> _DATASET EXTRACT_
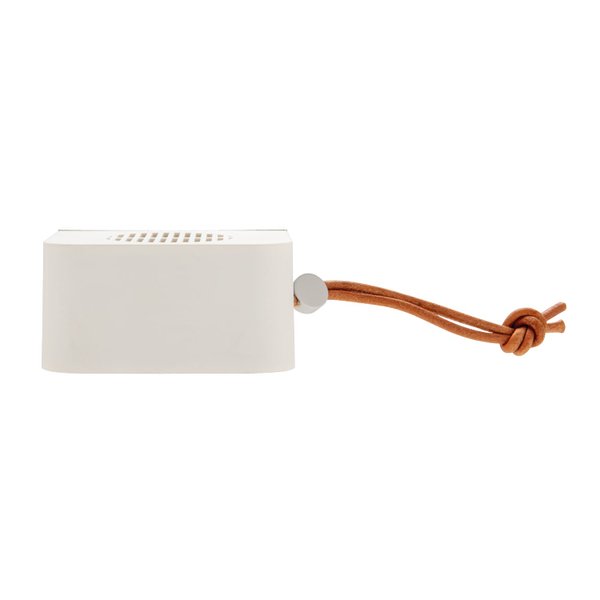 Беспроводная колонка Aria, 5W - Беспроводная колонка Aria, 5W
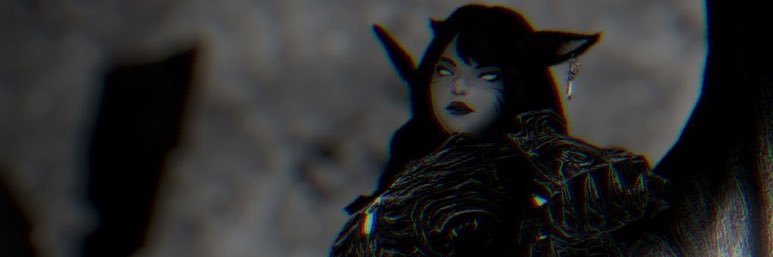 _dragonscale's profile banner image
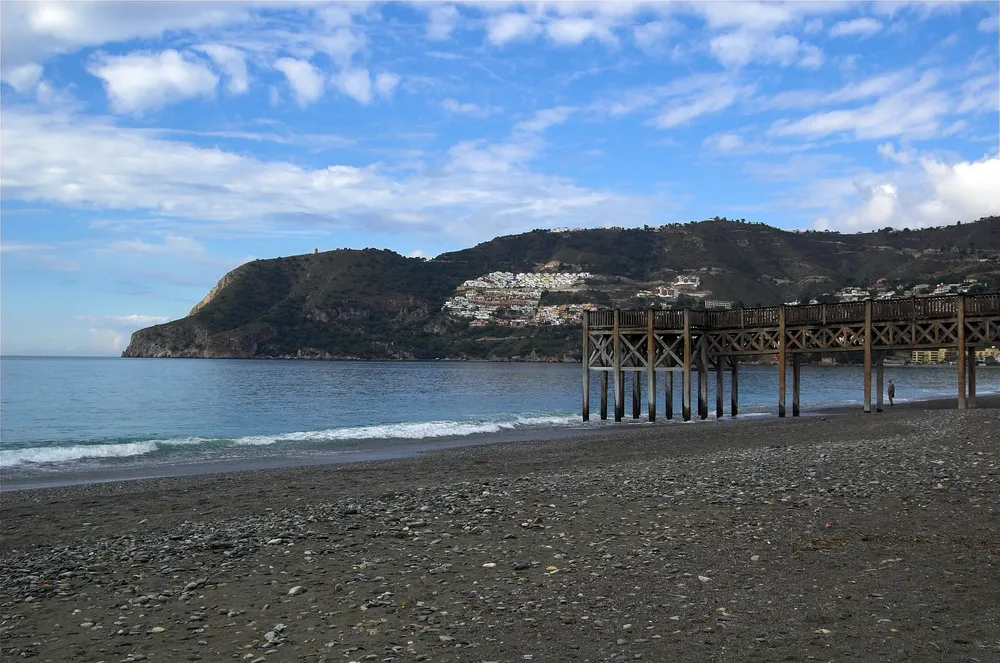 Playa_de_la_Herradura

> _WHAT TO PRODUCE_
When you copy the data, keep every line exact and leave out each picture.

> _COMPLETED EXERCISE_
 Беспроводная колонка Aria, 5W - Беспроводная колонка Aria, 5W
 _dragonscale's profile banner image
 Playa_de_la_Herradura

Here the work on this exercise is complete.